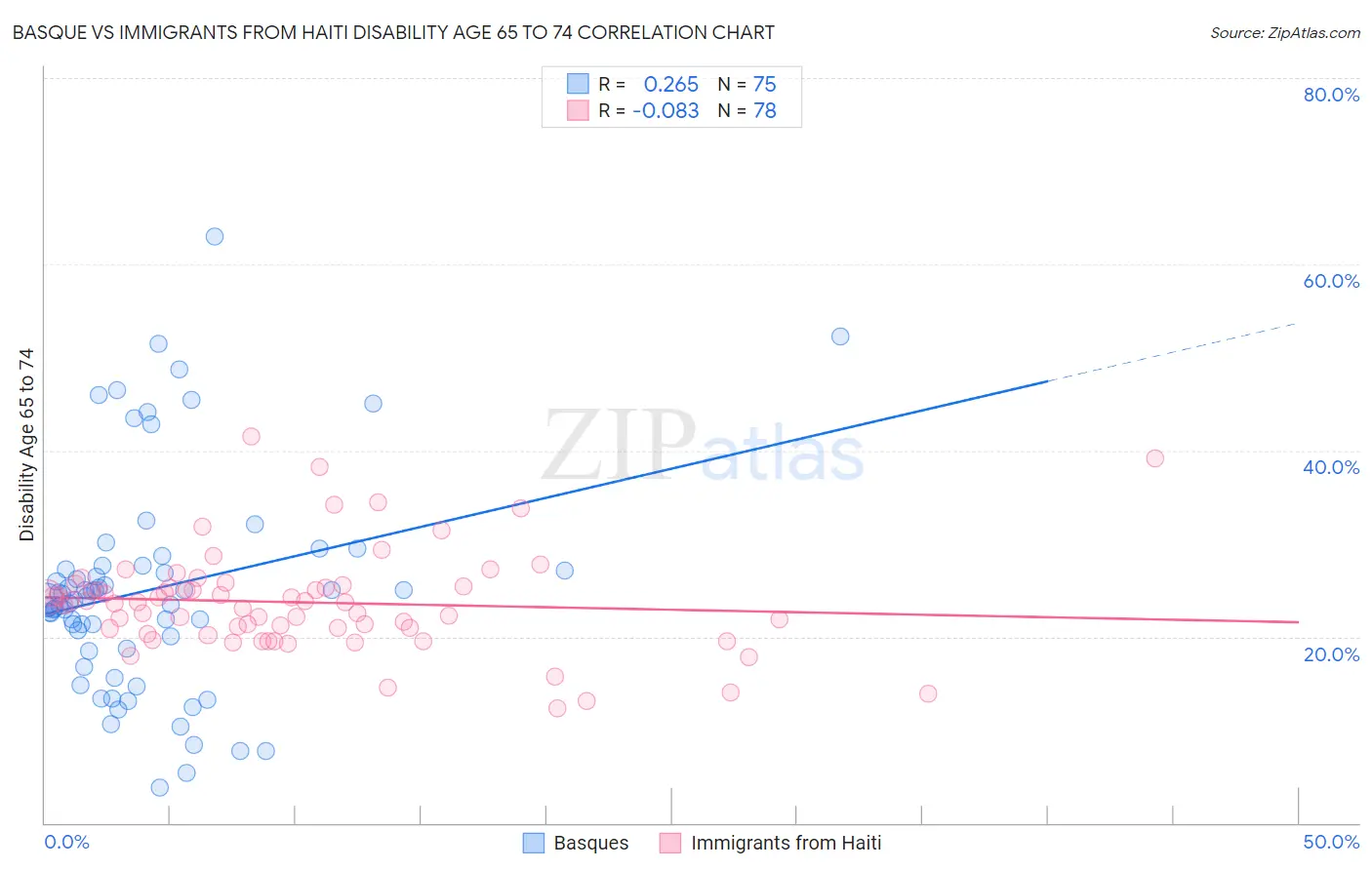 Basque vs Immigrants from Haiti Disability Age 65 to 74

* * *

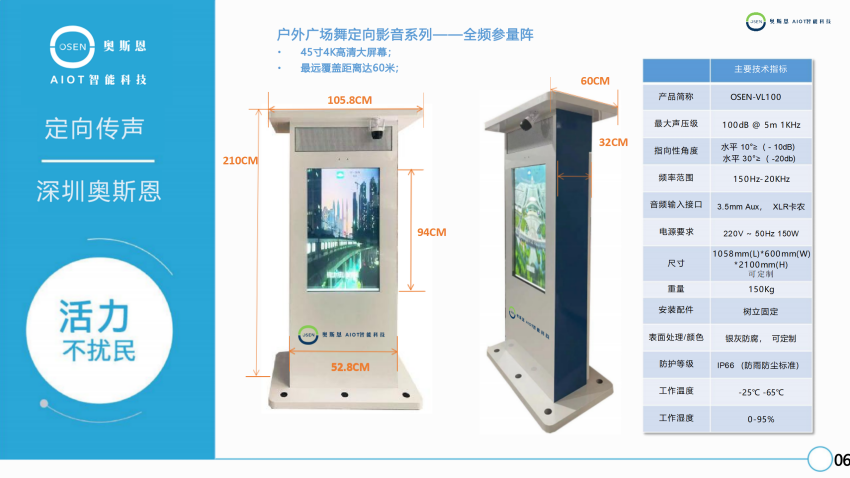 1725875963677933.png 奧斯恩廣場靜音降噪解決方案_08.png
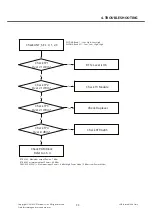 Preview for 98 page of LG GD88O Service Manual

==

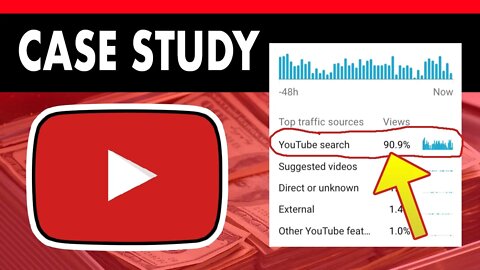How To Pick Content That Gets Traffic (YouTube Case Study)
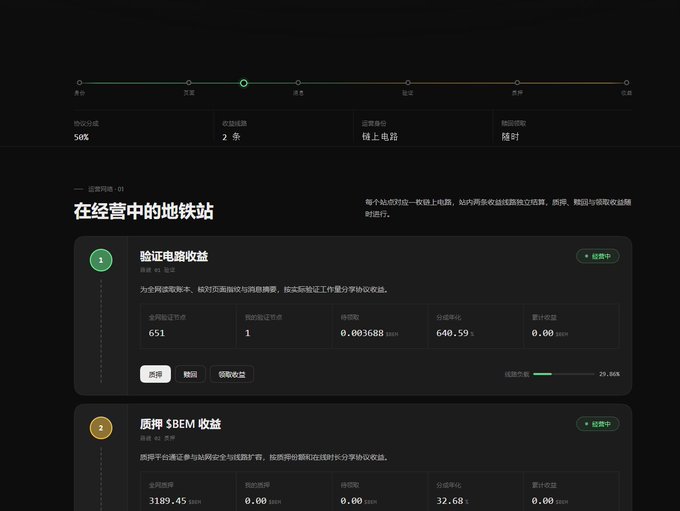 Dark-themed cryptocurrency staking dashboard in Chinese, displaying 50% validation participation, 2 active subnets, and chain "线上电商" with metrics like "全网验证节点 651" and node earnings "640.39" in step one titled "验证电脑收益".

Work instructions:
Though the entries above contain pictures, none should be copied; reproduce only the lines between the one holding "How To Pick" and the one holding "Dark-themed cryptocurrency staking", inclusive, exactly as written.

Result:
How To Pick Content That Gets Traffic (YouTube Case Study)
 Dark-themed cryptocurrency staking dashboard in Chinese, displaying 50% validation participation, 2 active subnets, and chain "线上电商" with metrics like "全网验证节点 651" and node earnings "640.39" in step one titled "验证电脑收益".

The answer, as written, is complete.